Однако ирония — отнюдь не окончательный итог символизма. Появление покойного Владимира Со­ловьева, в день Троицы шествующего по крышам до­мов, звуки рога, в который он трубит, — здесь веет подлинным мистическим предчувствием. Свет исти­ны Троицына дня и следующего за ним Духова дня с новой силой разгорается над миром. Почивший Со­ловьев едет на извозчике в меховой шапке и с подня­тым воротником и сидит в церкви Св. Духа. Он шеп­чет: «Конец уже близок: желанное сбудется скоро».

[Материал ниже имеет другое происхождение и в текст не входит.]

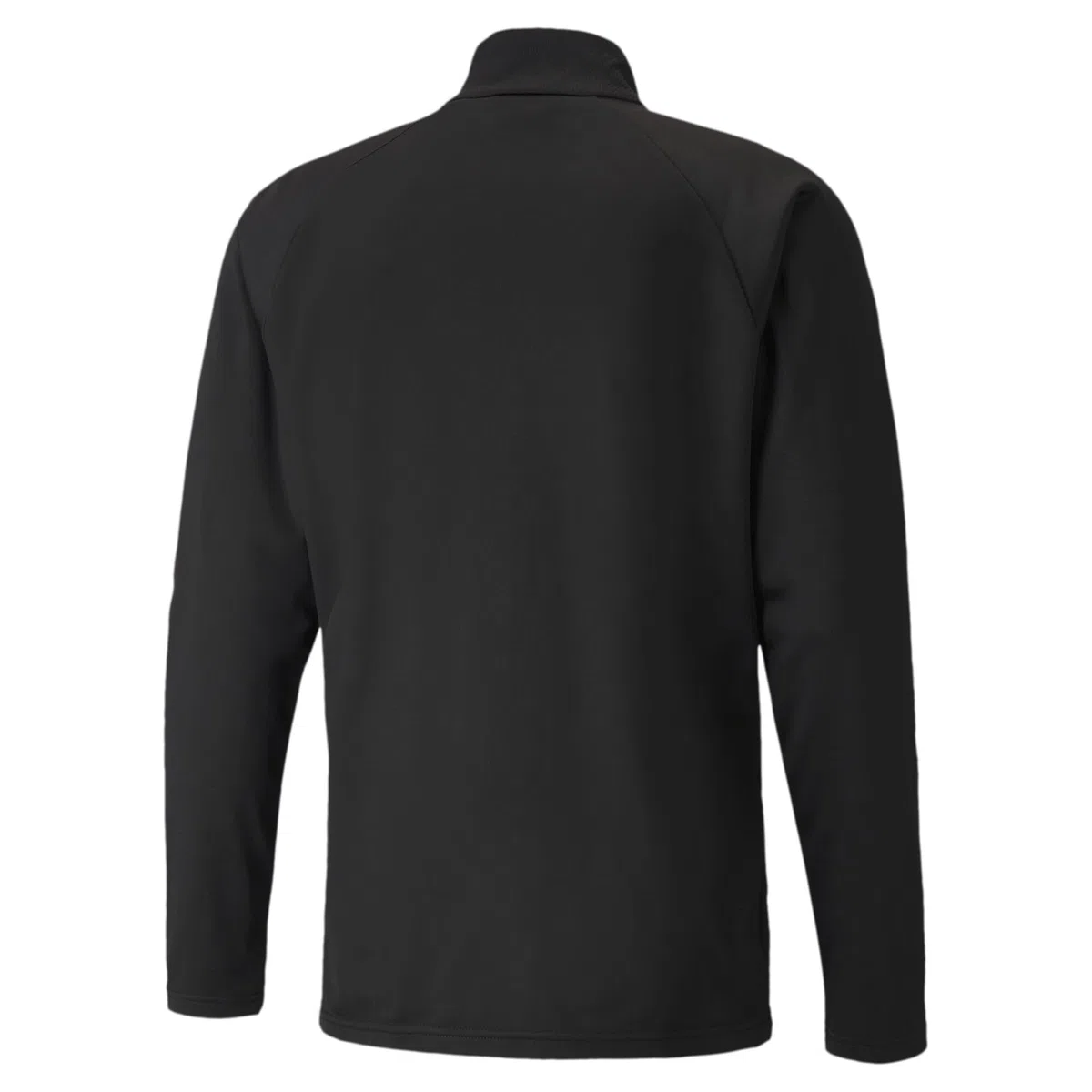 PUMA teamLIGA Trainingsjacke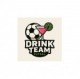 Drink Team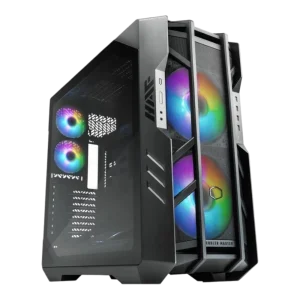 کیس کولر مستر HAF 700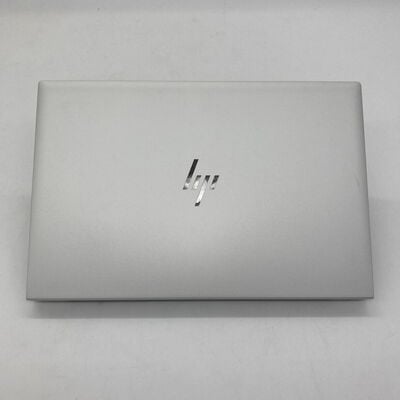 【堺七道店】中古  HP EliteBook 830 G8 MSO (Intel Core i5 1145G7 2.6GHz/16GB/SSD256GB/-/オンボード/13.3/1920x1080/Wi-Fi/WEBCAM/W11P/Microsoft Office Home and Business 2024) 188211 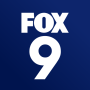 icon FOX 9 Minneapolis-St. Paul: Ne dla Fly Stratus 8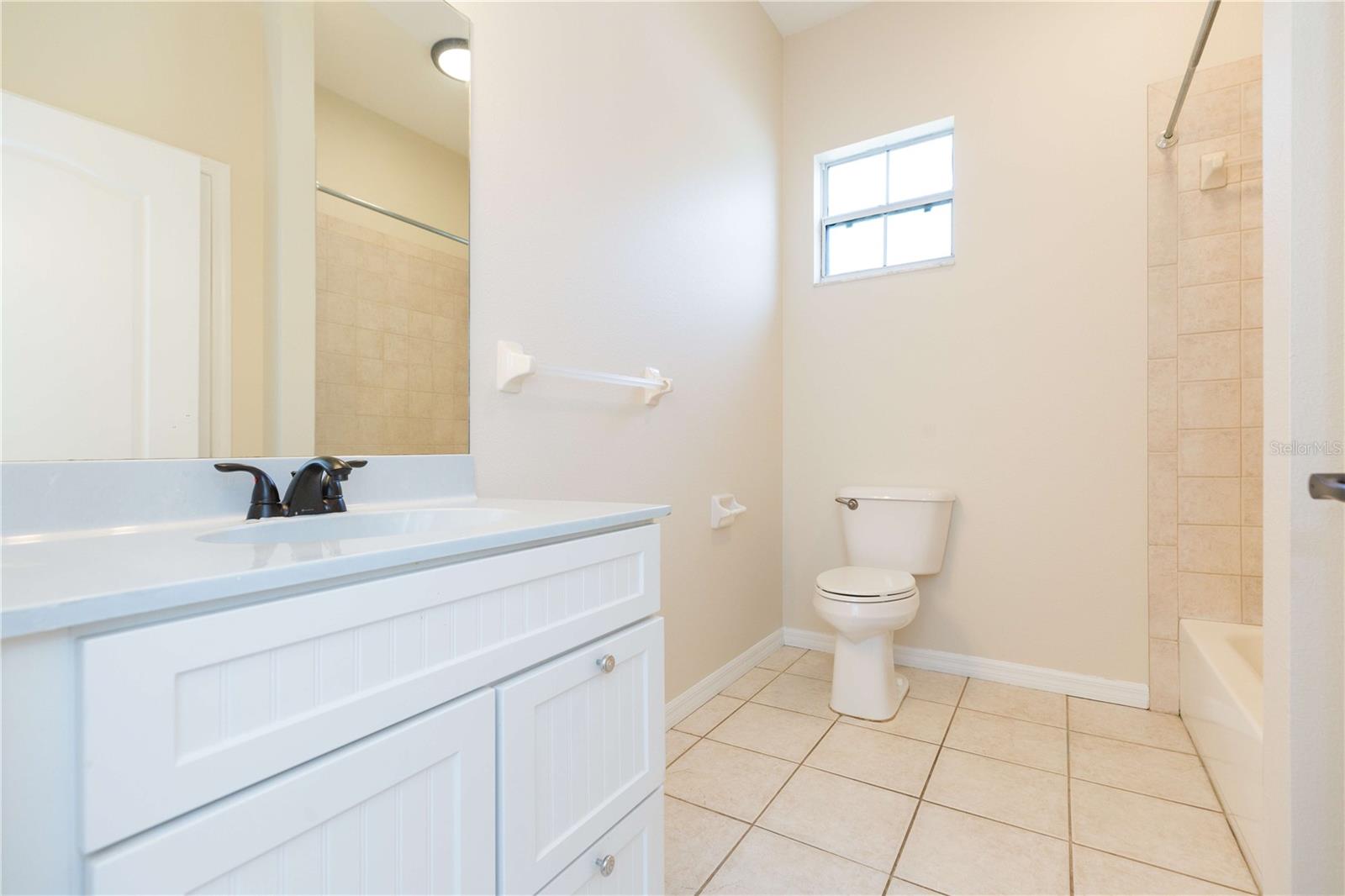 OAK KNOLL SUB - Residential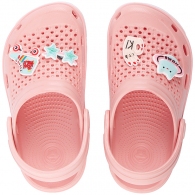 Шлепанцы COQUI Clogs LINDO + Amulet thumbnav 3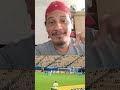 Paysandu Vira Torcedor Do Vasco Nacional 7xO Paysandu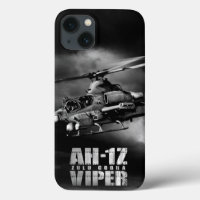 AH-1Z Viper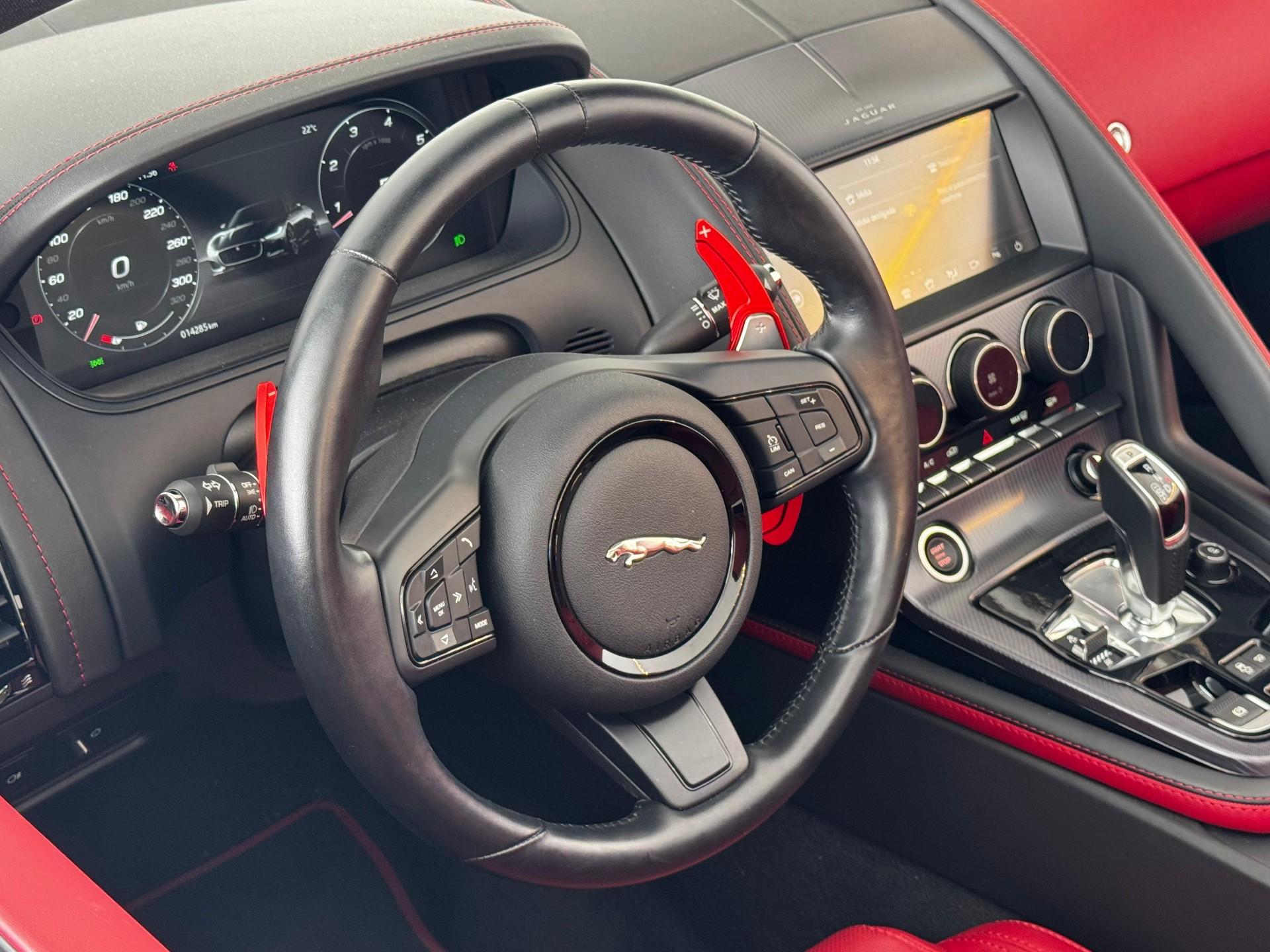 Foto número 288876 do veiculo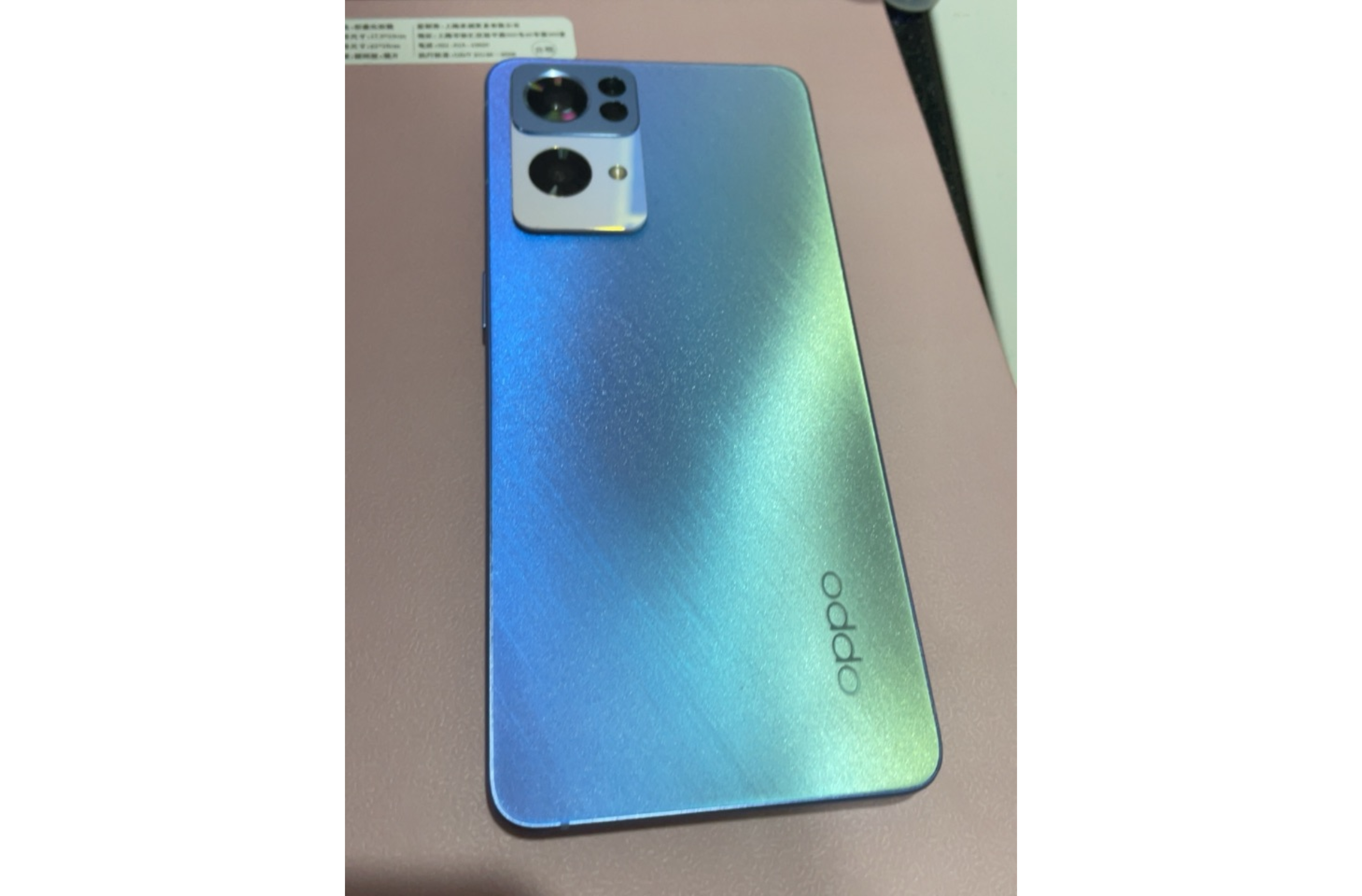 智能手机手表推荐2021年最值得买,智能手表手机2021年最值得买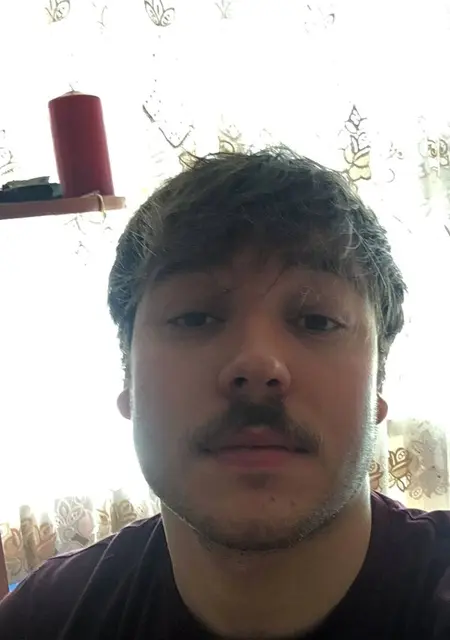 Я Иван, 27, знакомлюсь для открытые отношения в Канаше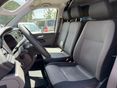 VOLKSWAGEN TRANSPORTER 2023/3 - 5
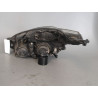 PHARE DROIT PEUGEOT 208 PHASE 1 1.4 HDI - 8V TURBO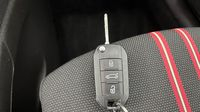 Opel Crossland X 1.2 Turbo 110ch GS Line — photo 16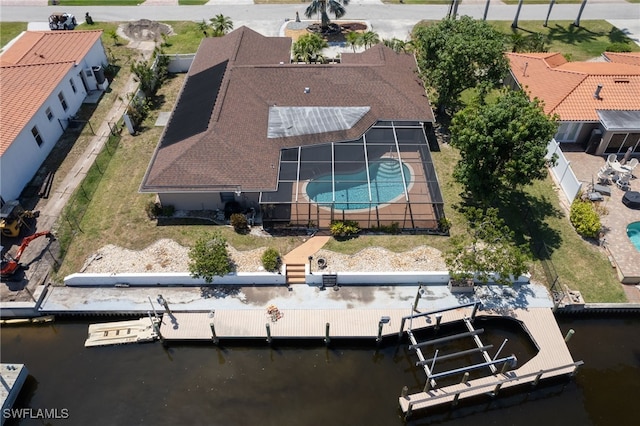 123 Placid Dr, Fort Myers, FL 33919 - photo 2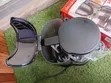 Decakila 10-Cup Coffee Maker - 2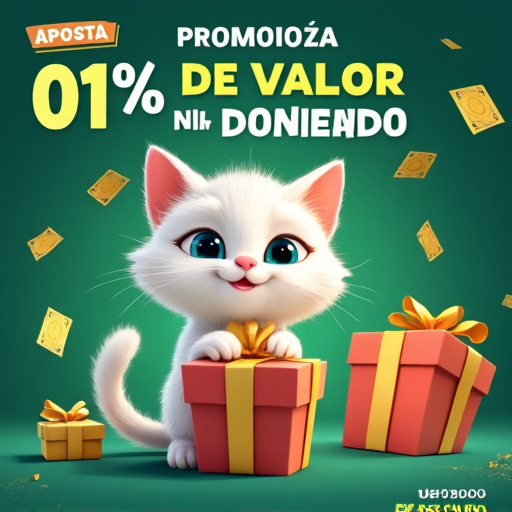 Imagem promocional da 5hbet mostrando a plataforma e suas vantagens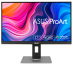 ASUS ProArt PA278QV écran plat de PC 68,6 cm (27") 2560 x 1440 pixels Quad HD LED Noir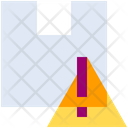 پیش‌نمایش فایل attention-parcel-4378077 از پک تحویل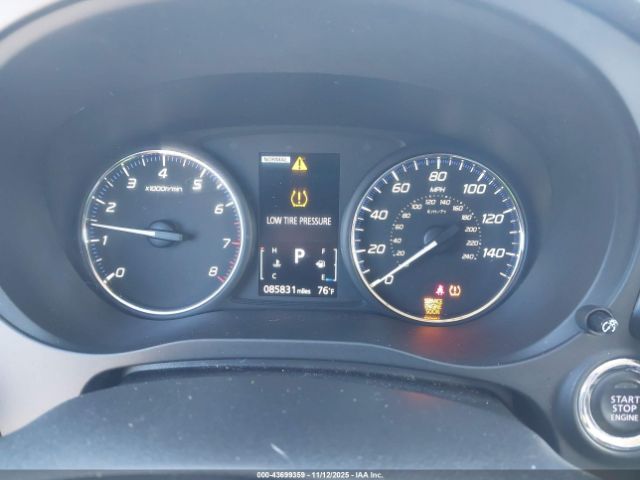 2019 MITSUBISHI OUTLANDER JA4AZ3A33KZ013080 Photo 6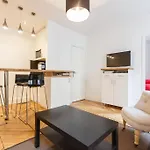 2 Pieces Confortable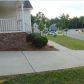 112 W Sebastian Ct, Mebane, NC 27302 ID:9248963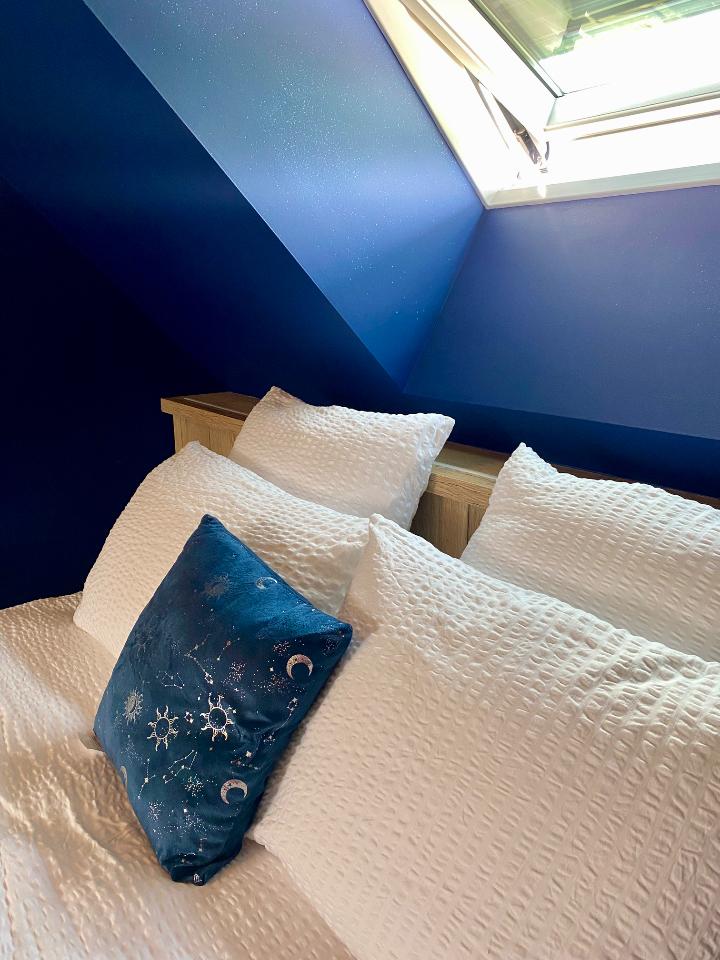 orderedImageAlt_accommodation_default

Потом он идет по городу и крестит детей. «И опять была юная весна». В Ново девичьей обители «опять под яблоней сидела монашка... и между могил ходи­ла молодая красавица сказка», и казалось ей, что «приближается... милое, невозможное, грустно-за- думчивое... Перед ней раскрывалось грядущее, и она загорается радостью... Огоньки попыхивали кое-где на могилах». Эти строки дают ключ к словам Метне- ра о «Второй симфонии»: «„Симфония"... — не в су­масшедших домах... вовсе не в „мистике", а в симво­ле радости, в „Сказке" (героиня)».[99]

Белый рекомендовал читателям для понимания смысла этой «симфонии» внимательно рассмотреть ее формы и законы построения. Надо полагать, его требование чрезмерно. Поэтому приведу здесь четы­ре отрывка из «Второй симфонии»; будем надеяться, они достаточно ярко иллюстрируют своеобразие «симфоний».

1.Стояла душная страда. Мостовая ослепительно свер­кала.

2.Трещали извозчики, подставляя жаркому солнцу ис­тертые, синие спины.

3.Дворники поднимали прах столбом, не смущаясь гри­масами прохожих, гогоча коричнево-пыльными лицами.

4.На тротуарах бежали истощенные жаром разночин­цы и подозрительные мещане.

5.Все были бледны, и надо всем нависал свод голубой, серо-синий, то серый, то черный, полный музыкальной скуки, вечной скуки, с солнцем-глазом посреди.

6.Оттуда лились потоки металлической раскаленности.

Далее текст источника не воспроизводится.